* _Information provided_
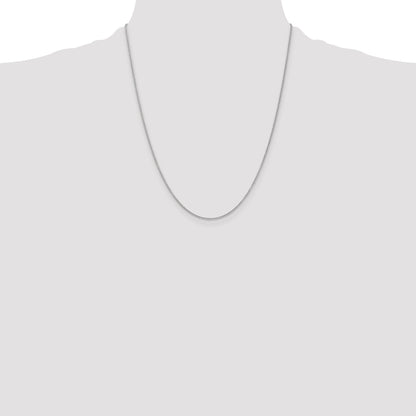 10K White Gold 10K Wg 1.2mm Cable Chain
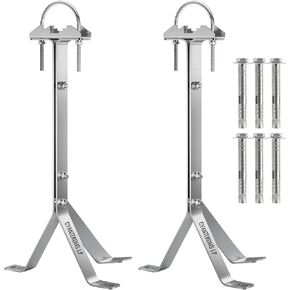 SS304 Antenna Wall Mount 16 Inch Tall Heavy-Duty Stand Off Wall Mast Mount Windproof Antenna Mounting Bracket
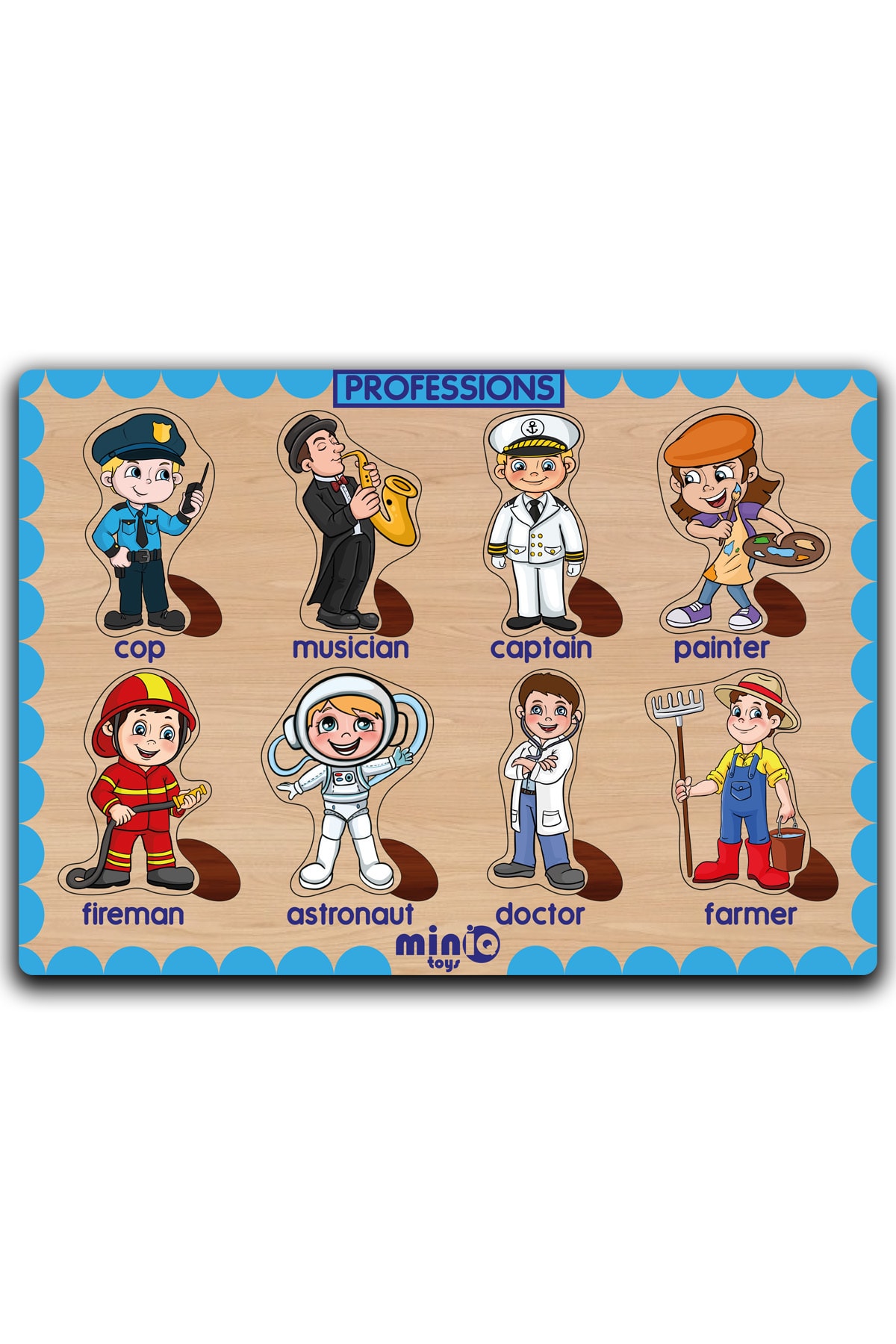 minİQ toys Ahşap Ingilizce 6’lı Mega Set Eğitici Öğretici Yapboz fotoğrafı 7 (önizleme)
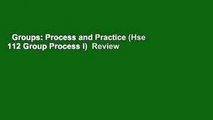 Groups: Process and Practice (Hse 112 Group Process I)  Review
* * *
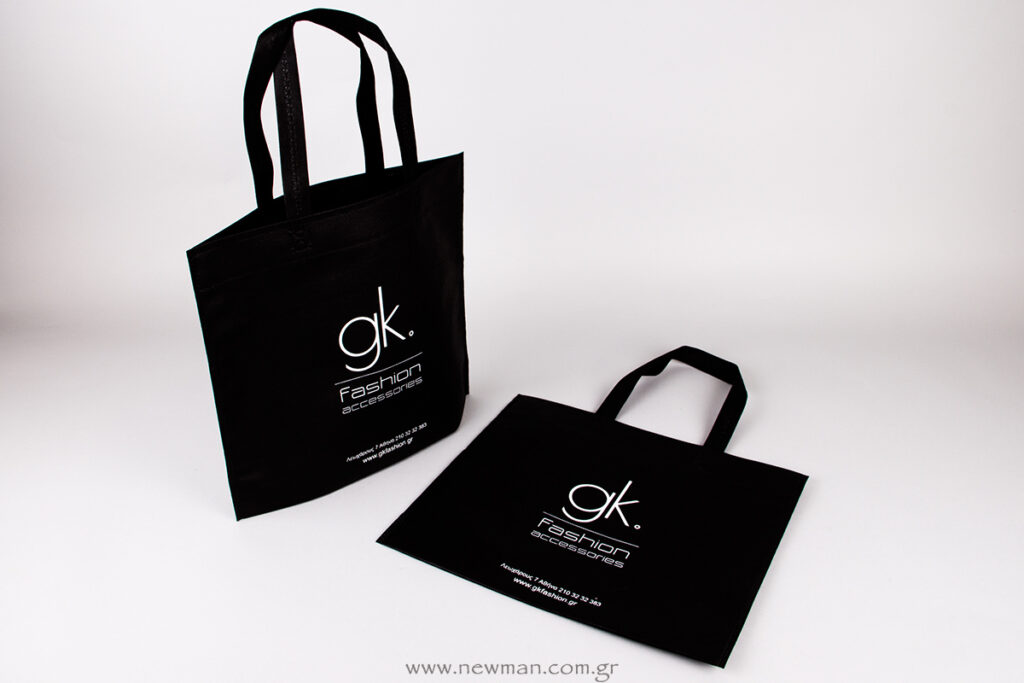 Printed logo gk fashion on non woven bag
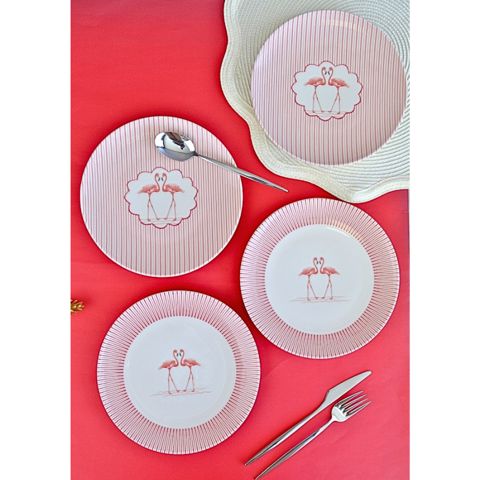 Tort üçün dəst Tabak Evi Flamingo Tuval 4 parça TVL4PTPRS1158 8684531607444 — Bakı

* _Your task_
Please copy the lines above exactly, starting at the line that holds "10K White Gold 10K Wg 1.2mm Cable Chain" and ending at the line that holds "Groups: Process and"; include both, but no pictures.

* _Answer to the exercise_
 10K White Gold 10K Wg 1.2mm Cable Chain
 SS304 Antenna Wall Mount 16 Inch Tall Heavy-Duty Stand Off Wall Mast Mount Windproof Antenna Mounting Bracket
 minİQ toys Ahşap Ingilizce 6’lı Mega Set Eğitici Öğretici Yapboz fotoğrafı 7 (önizleme)
 Groups: Process and Practice (Hse 112 Group Process I)  Review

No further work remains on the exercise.